What if I told you that I could improve the way your company collaborates internally and builds relationships with its customers through new technologies and tools?

If you were an executive at a large or mid-sized company, which would you prefer (or would want to hear)?

The first option means that you are going to have make drastic changes to your organization while abandoning methodologies and processes in exchange for new ones. The second option means that your company does not need to make drastic changes while abandoning the way it operates. Instead, the company is going to use new tools, technologies, and strategies to fit in with its current processes and methodologies. Do you see what I’m getting at here?

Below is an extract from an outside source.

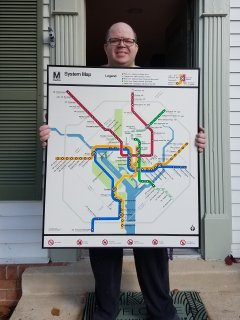 Bringing the big Metro map into the house, along with the other wallhangings, on the morning of November 13.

The goal of enterprise 2.0 or social media isn’t to change and revamp the way companies operate. The goal should be to improve how companies operate. Here’s a basic example. If you take a look at your company sales process, for example it might look something like this:

Are Twitter or Jive going to revamp this process? There might be some changes along the way but for the most part, the process will remain the same. What changes are some of the tactics. For example, you might use Twitter or LinkedIn to establish a relationship and identify a need, but that process is still in place. Part of a successful strategy is really understanding how the company processes and operations work and then plugging in new tools and strategies to help improve those processes and operations.

I’m in the process of reviewing how a client trains and works with its account executives through a selling framework to drive business. The processes that the client has in place are solid, however there is no integration with new social technologies that can help drastically improve the way the client operates and trains its new account executives.

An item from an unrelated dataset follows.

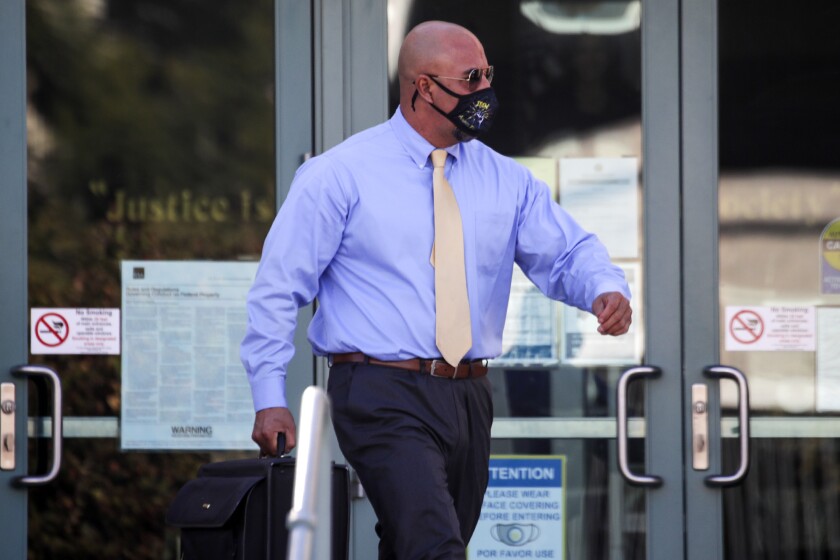 John Olivas leaves the federal courthouse in Riverside.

You won’t find a single executive whose pain point is “I need a whole new way to do X.” Pain points revolve around improving and making things better. It’s a lot easier to improve than it is to revolutionize.

Now imagine you’re that executive again. Do you want something revolutionary or something that can improve and make your company more efficient?

Republished with author's permission from original post.

Jacob Morgan
I'm a best-selling author, keynote speaker, and futurist who explores what the future of work is going to look like and how to create great experiences so that employees actually want to show up to work. I've written three best-selling books which are: The Employee Experience Advantage (2017), The Future of Work (2014), and The Collaborative Organization (2012).


  1. Hey Jacob – wow I can’t believe this is you. Sure people love to hear “it’s all OK – just a tiny bit of a tweak here and there and you are good to go”. But that is the fabric of yesteryears management style. Listen to Indra Nooyi (CEO of Pepsi Co), John Chambers (CEO of Cisco), Richard Branson (CEO of Virgin), Marc Benioff (CEO of Salesforce.com)… They are all change agents for a massive shift. Yes they can say that because they are not hunting consulting engagements to help make the necessary adjustments. But I guess the 1950 Flower Power – No worry, be happy, is probably not helping people. As you know I was consulting one of the global enterprises and the CHANGE was hard, is hard and will remain to be hard. But only that is the fabric of leadership – make it F****** happening. (excuse my language)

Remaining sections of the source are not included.